The required output is all lines below that contain the word "with".

Web page caption snippets:
========================

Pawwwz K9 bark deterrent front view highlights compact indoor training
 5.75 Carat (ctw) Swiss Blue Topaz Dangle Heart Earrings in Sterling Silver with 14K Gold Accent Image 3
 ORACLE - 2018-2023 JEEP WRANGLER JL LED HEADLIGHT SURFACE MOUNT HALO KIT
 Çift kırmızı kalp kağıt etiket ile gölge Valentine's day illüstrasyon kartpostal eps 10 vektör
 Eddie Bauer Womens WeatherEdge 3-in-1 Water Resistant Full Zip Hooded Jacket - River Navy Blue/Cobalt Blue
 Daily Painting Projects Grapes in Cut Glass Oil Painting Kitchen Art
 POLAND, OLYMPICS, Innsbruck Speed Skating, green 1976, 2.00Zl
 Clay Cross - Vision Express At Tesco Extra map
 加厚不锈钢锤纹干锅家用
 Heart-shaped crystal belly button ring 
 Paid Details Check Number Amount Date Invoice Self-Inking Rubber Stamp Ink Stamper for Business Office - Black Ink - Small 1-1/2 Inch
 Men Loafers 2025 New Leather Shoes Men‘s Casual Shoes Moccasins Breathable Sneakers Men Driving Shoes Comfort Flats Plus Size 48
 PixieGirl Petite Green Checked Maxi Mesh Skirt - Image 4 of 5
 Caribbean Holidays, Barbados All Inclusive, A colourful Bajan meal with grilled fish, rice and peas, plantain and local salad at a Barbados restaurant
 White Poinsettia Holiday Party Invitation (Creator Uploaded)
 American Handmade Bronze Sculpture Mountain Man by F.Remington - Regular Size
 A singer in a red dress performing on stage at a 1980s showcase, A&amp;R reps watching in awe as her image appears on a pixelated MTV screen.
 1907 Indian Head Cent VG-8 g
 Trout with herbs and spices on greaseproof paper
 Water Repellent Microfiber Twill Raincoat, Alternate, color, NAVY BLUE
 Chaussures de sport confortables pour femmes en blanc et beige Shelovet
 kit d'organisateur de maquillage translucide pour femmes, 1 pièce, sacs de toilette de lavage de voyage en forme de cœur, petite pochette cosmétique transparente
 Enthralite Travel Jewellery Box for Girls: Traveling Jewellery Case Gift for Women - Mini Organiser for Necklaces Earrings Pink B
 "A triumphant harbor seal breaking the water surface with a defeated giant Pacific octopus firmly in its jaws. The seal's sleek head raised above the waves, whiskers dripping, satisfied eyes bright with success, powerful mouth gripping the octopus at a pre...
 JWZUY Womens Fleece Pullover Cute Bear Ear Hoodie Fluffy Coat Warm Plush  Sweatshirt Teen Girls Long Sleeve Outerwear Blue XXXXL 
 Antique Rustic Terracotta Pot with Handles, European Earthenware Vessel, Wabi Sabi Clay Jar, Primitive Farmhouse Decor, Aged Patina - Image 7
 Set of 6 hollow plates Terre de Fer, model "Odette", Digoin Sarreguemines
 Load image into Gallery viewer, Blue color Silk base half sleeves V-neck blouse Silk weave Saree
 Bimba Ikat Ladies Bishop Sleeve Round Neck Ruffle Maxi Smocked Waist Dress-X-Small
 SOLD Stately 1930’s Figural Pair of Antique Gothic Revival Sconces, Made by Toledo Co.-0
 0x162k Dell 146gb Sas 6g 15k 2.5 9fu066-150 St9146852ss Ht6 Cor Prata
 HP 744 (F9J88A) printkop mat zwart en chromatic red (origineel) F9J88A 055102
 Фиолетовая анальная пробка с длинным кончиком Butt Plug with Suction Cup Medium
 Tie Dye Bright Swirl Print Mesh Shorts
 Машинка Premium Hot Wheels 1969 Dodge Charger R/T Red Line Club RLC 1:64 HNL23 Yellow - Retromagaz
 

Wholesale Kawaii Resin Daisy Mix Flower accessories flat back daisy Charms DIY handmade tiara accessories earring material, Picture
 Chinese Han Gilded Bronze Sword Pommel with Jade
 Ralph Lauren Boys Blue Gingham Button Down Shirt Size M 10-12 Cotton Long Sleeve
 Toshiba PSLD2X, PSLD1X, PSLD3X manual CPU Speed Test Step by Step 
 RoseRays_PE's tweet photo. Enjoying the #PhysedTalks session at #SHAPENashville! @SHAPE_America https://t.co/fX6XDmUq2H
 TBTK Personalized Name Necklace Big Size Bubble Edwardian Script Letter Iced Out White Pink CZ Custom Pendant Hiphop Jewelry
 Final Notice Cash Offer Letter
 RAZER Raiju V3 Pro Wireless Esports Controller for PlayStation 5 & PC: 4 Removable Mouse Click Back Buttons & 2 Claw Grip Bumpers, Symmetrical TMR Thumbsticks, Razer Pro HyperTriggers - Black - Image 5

========================

Exercise response
 5.75 Carat (ctw) Swiss Blue Topaz Dangle Heart Earrings in Sterling Silver with 14K Gold Accent Image 3
 Caribbean Holidays, Barbados All Inclusive, A colourful Bajan meal with grilled fish, rice and peas, plantain and local salad at a Barbados restaurant
 Trout with herbs and spices on greaseproof paper
 "A triumphant harbor seal breaking the water surface with a defeated giant Pacific octopus firmly in its jaws. The seal's sleek head raised above the waves, whiskers dripping, satisfied eyes bright with success, powerful mouth gripping the octopus at a pre...
 Antique Rustic Terracotta Pot with Handles, European Earthenware Vessel, Wabi Sabi Clay Jar, Primitive Farmhouse Decor, Aged Patina - Image 7
 Фиолетовая анальная пробка с длинным кончиком Butt Plug with Suction Cup Medium
 Chinese Han Gilded Bronze Sword Pommel with Jade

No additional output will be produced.